Oberverwaltungsgericht Niedersachsen
Urt. v. 13.05.1996, Az.: 6 L 1093/94

Angelusläuten; Kirchengeläut; Religionsausübung; Lärmbelästigung; Glockenturm; Immissionsschutzrechtliche Anordnung

Bibliographie

Gericht
OVG Niedersachsen
Datum
13.05.1996
Aktenzeichen
6 L 1093/94
Entscheidungsform
Urteil
Referenz
WKRS 1996, 13208
Entscheidungsname
[keine Angabe]
ECLI
ECLI:DE:OVGNI:1996:0513.6L1093.94.0A

Verfahrensgang

vorgehend
4 A 1049/92

Tenor:

Die Berufung der Kläger gegen den Gerichtsbescheid des Verwaltungsgerichts Oldenburg - 4. Kammer - vom 11. Januar 1994 wird zurückgewiesen.

Die Kläger tragen die Kosten des Berufungsverfahrens.
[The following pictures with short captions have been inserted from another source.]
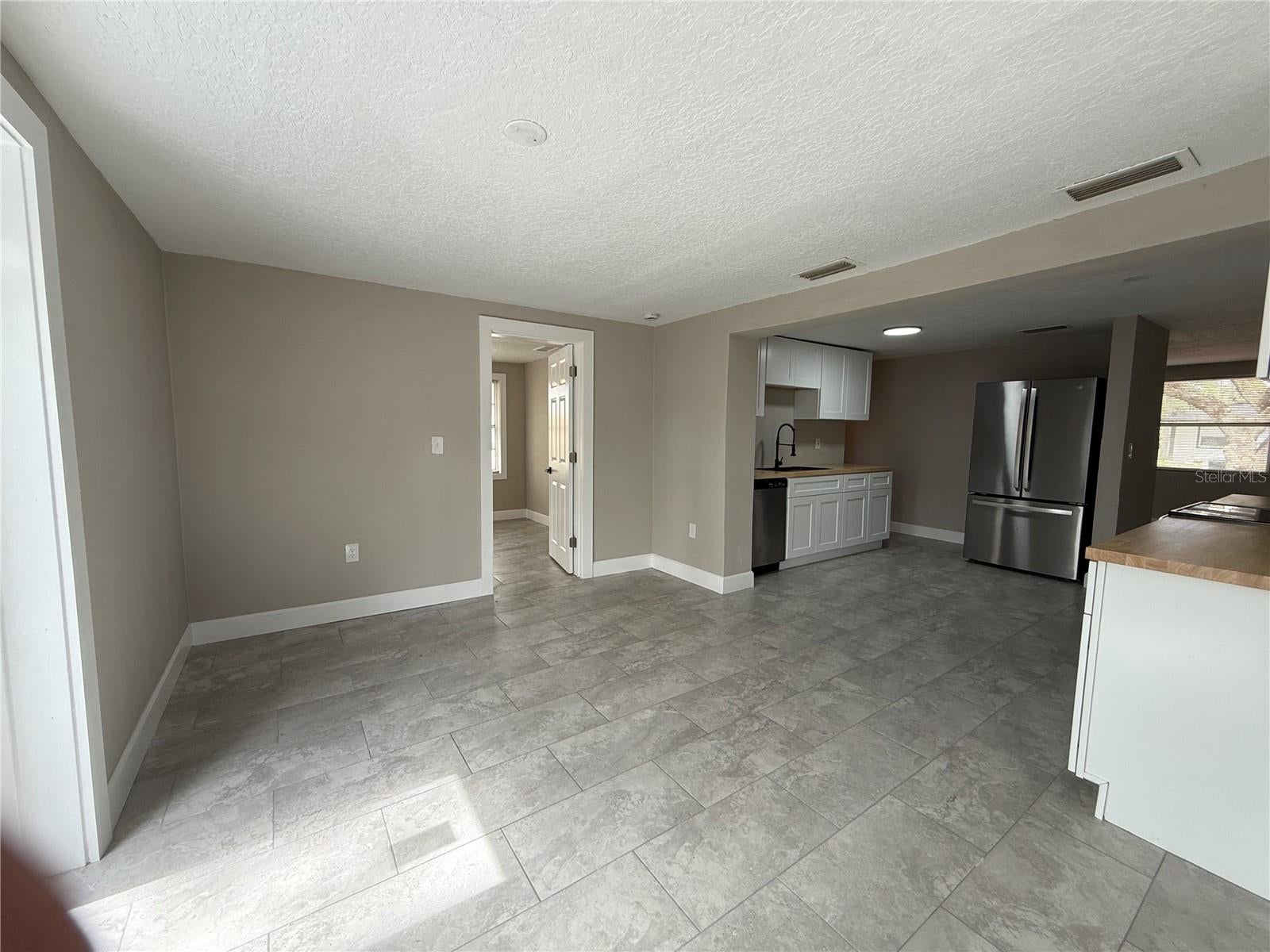 7138 Pinewood Dr, New Port Richey, FL 34652 photo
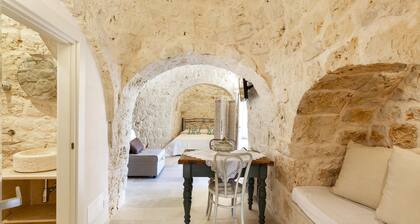 3360 Trulli Pangi by Perle di Puglia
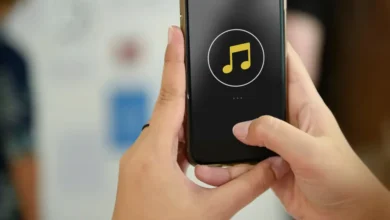Como Gravar Uma Nota de Música no iPhone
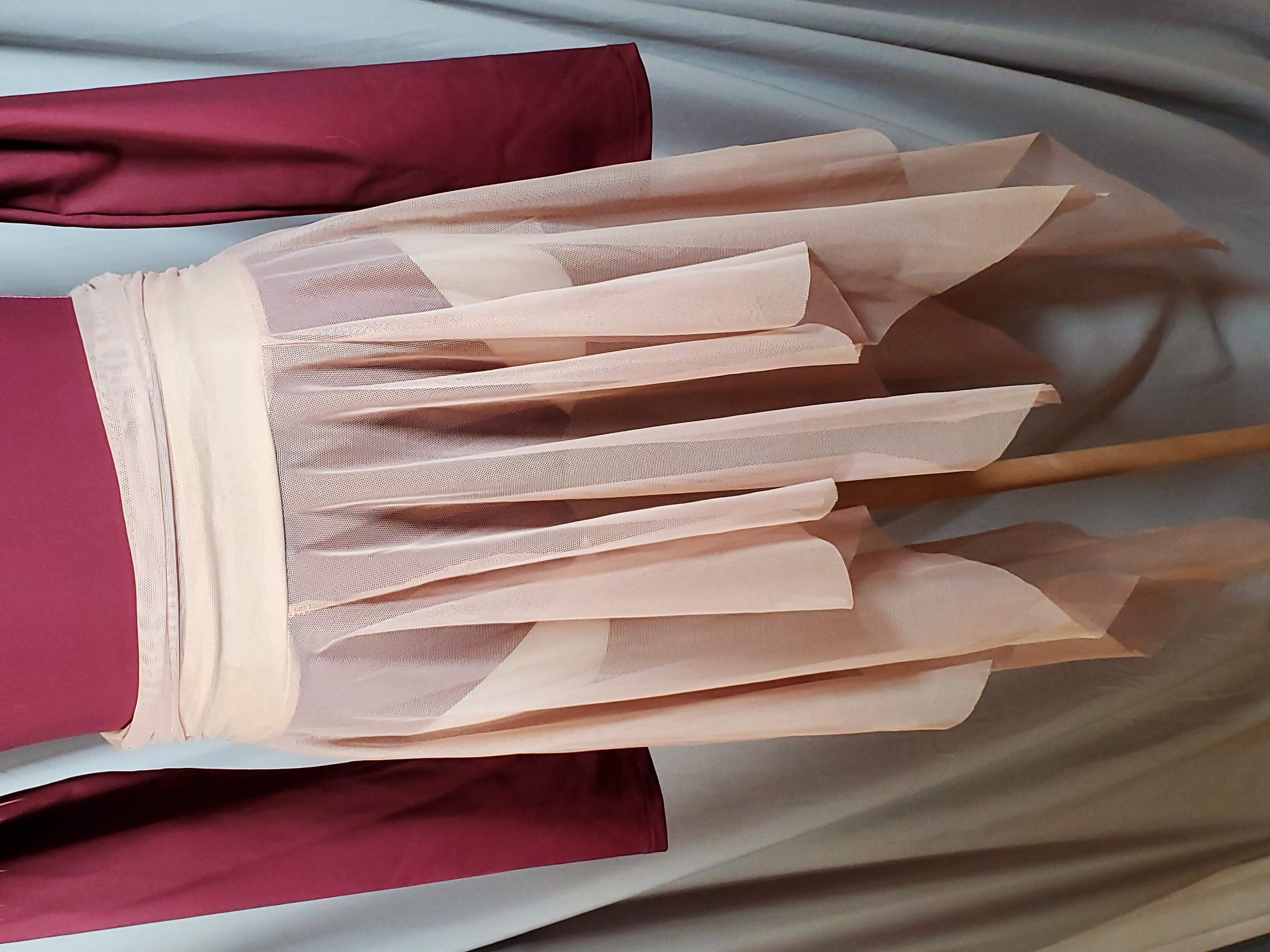 DAN084 - Adult Small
Die außergerichtlichen Kosten der Beigeladenen sind erstattungsfähig.

Das Urteil ist wegen der Kosten vorläufig vollstreckbar. Die Kläger können die Vollstreckung durch Sicherheitsleistung in Höhe des jeweils vollstreckbaren Betrages abwenden, wenn nicht der jeweilige Vollstreckungsgläubiger vor der Vollstreckung Sicherheit in jeweils derselben Höhe leistet.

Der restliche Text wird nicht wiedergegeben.